Equipment and Station Design FAQ

Here is a list of things to consider when choosing the right equipment for your radio station:

How far do you want to broadcast?

The further you wish to reach, the more powerful the equipment you will need and the more powerful the equipment, the more expensive it is to buy and to run (the more power it consumes).

So think carefully about your target audience and where they are, and focus your radio station on reaching them.

But you can also reach further by raising your antennas higher up. So if you can build a tall tower, or find an existing one within 20km of your studio, it might be worth putting your antennas on it to get your signal to go further. We say within 20km of the studio, because you can use an STL (studio to transmitter link) to send your signal from the studio to the transmitter site if they are less than 20km apart.

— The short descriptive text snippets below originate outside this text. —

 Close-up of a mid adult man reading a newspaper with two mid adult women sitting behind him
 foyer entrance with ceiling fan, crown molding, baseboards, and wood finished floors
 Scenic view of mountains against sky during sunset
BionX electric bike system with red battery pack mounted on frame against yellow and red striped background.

FM signal range is limited by:

  1. How far the transmitting antenna can effectively see. If you stand where the antenna is mounted and look out with a pair of binoculars, wherever you can see it is possible to transmit to. This can sometimes be up to 20, 30 even 40 miles if you are looking out from a mountain top.  If there are buildings or hills blocking your view, they will block your FM signal as well.
  2. Other sources of interference or other stations operating on the same frequency. For example the antenna may be able to see 20 miles, but if another station is on the same frequency 20 miles away, it will block/interfere with the signal.
  3. Transmission power. If the antenna can see 20 miles, but say 1 Watt ERP of power used, it’s very likely that about 1 mile of range will result. This is quite simply because there is not enough power to propagate the signal 20 miles. If 50 Watt ERP is used, it’s very likely that 20 miles of range will be achieved. This is because 50 Watt ERP is ample power to propagate a strong signal 20 miles. If 1 Million Watts of power is used, it is very likely that signal will only propagate just over 20 miles. This because the range is limited as described in point a) above.

ERP ( Effective radiated power ) is the power radiated from the antenna. All antenna systems have a degree of power gain. When calculating the gain of an antenna system the main factors are the amount of gain ( dBi ) and the amount of loss ( dB ) through coax.

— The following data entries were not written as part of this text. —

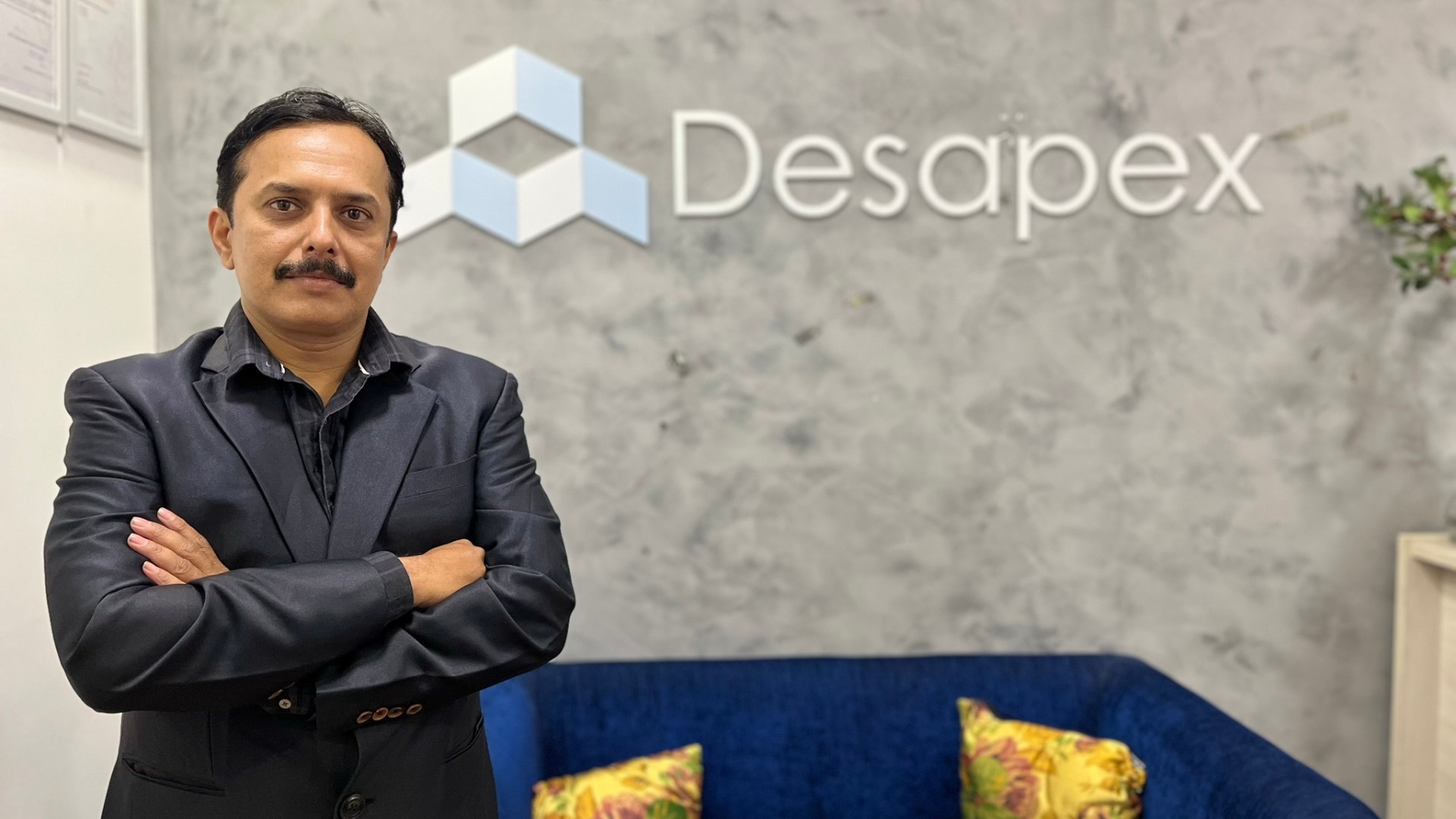 A man stands while two people sit at a table in an office setting, smiling and engaged in conversation. The mood is friendly and collaborative.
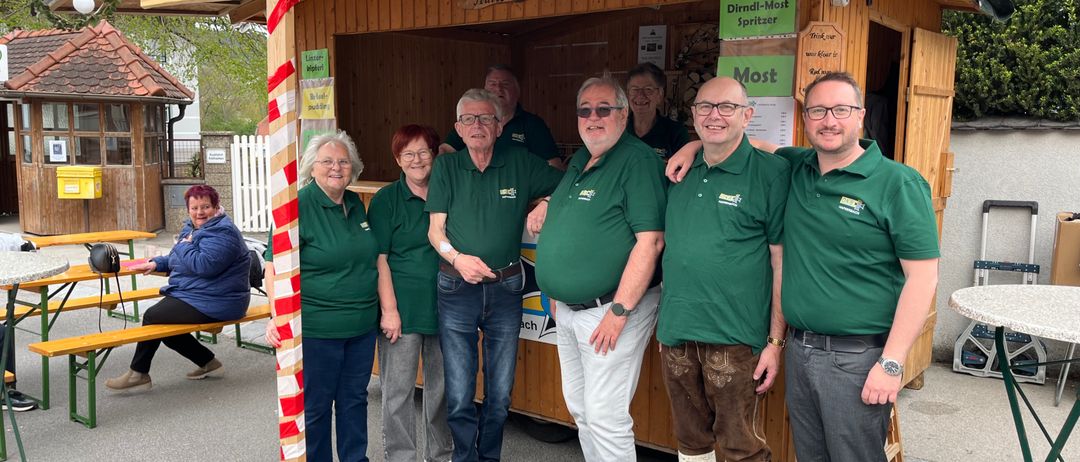 Eine Gruppe von Menschen in grünen Hemden und Hosen posiert für ein Foto vor einem hölzernen Stand mit Schildern und einer Menütafel.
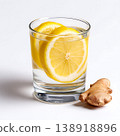 Fresh Lemon and Ginger Slices in a Clear Glass Filled with Water on a Clean Surface 138918896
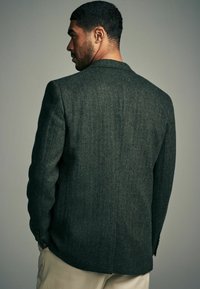 Dunkelgrüner Fischgrät-Blazer mit strukturierten Schultern und Reverskragen, aus strukturiertem Stoff mit einem einzelnen Rückenschlitz.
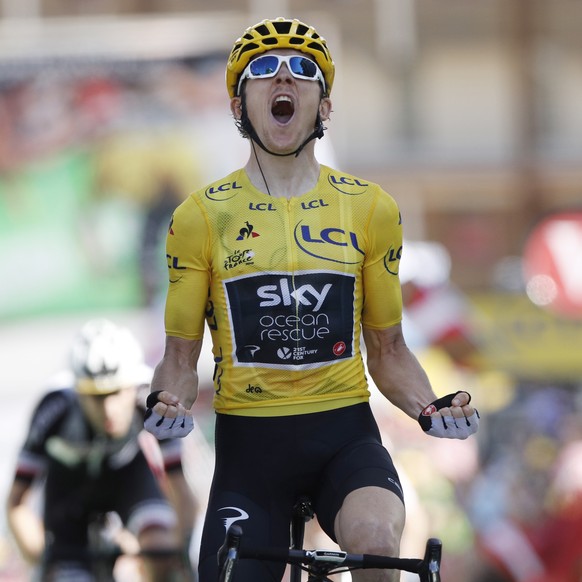 epa06898546 Team Sky rider Geraint Thomas of Britain celebrates as he crosses the finish line to win the 12th stage of the 105th edition of the Tour de France cycling race over 175,5km between Bourg-S ...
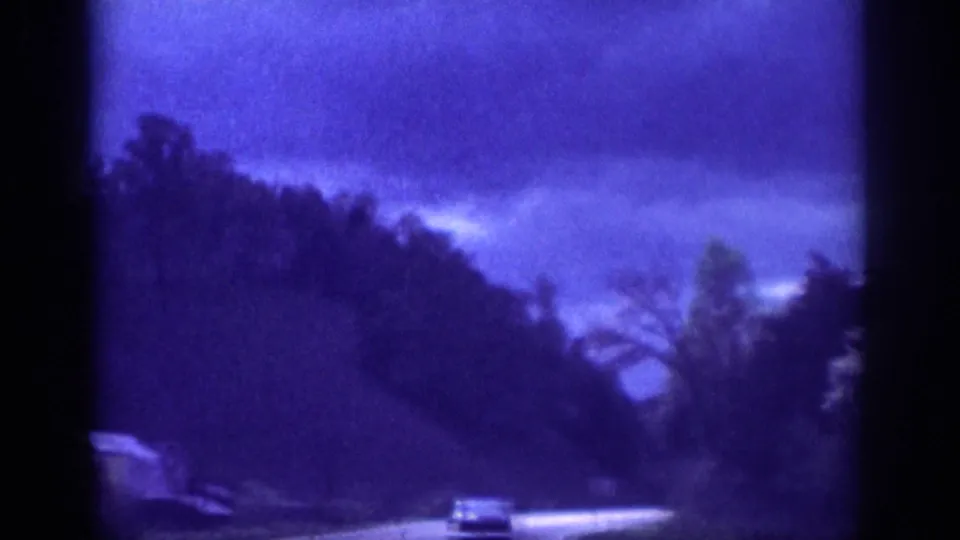 8mm home movie circa 1963, passenger view of a winding rural highway with a classic-era car ahead, stormy overcast sky above forested hills.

Assuming the antenna has a clear view, the frequency is clear and an average quality portable receiver is used, typical transmission power range figures are as follows:

ERP Range



How far does your licence allow you to broadcast?

You may be limited to a specific transmitter power or broadcast distance by the broadcast authorities.  Please contact your national authorities to find out what limits they may give you before ordering / requesting a quotation.

Do you need an STL (studio to transmitter link)?

This depends on how far your studio is from your antenna site.

If they are in the same location, or less than 200m apart, you can use a balanced audio cable to send the signal from the studio to the antenna site.

If they are between 200m and 10km and there is line of sight between the two, you can use a 5.2 GHz audio over ip link with two small dishes facing each other.

If they are 10 – 20km apart, or more than 200m apart without line of sight, then you will need to use a VHF link, which does not require line of sight, but is more expensive. Some VHF links will work over longer distances, up to 80km, depending on what is in the way and what frequency you use.

You could also use an internet link, if you can get high speed internet in both locations.

How many studios do want?

We would recommend a minimum of two, but you can get by with one.

Some stations operate with a single studio, some operate with two or even three. Big stations have multiple studios for different purposes.

It is useful to have at least two separate studios, so that one presenter can prepare to go on air while another is live. You can also use your second studio to record interviews, adverts and programmes while your other studio is on the air.

What level of quality do you want for your equipment?

We work with clients with all different budgets to help them choose the equipment that is right for them.  This will depend on your aims and your budget.  We split equipment into five broad categories:

  1. Barebones – The most basic, low cost equipment available, which may not last long, but will get you on the air to start with.
  2. Basic – Similar to barebones, but a little bit higher quality, more durable and therefore a bit more expensive.
  3. Midrange – Good quality, good value, semi-professional equipment, often used in community radio stations.
  4. Deluxe – Professional broadcast quality, durable equipment with great sound, used in professional commercial and high end community radio stations, but not the most expensive equipment available.
  5. Double Deluxe – The ultimate choice in terms of capability, sound quality, durability and look. No expenses spared.

How many mics do you want in each studio?

How many guests do you intend to have in the studio at any one time?  Generally we recommend 3 or 4 microphones to allow you some flexibility in the studio.  Or if you prefer, you can always add more.

Do you want back up equipment?

In a radio station, it is important to keep broadcasting when things break down.  So having a spare mixer, spare PC, spare mics, spare cables and a spare transmitter can be very useful, especially if your station isn’t too close to the nearest equipment shop.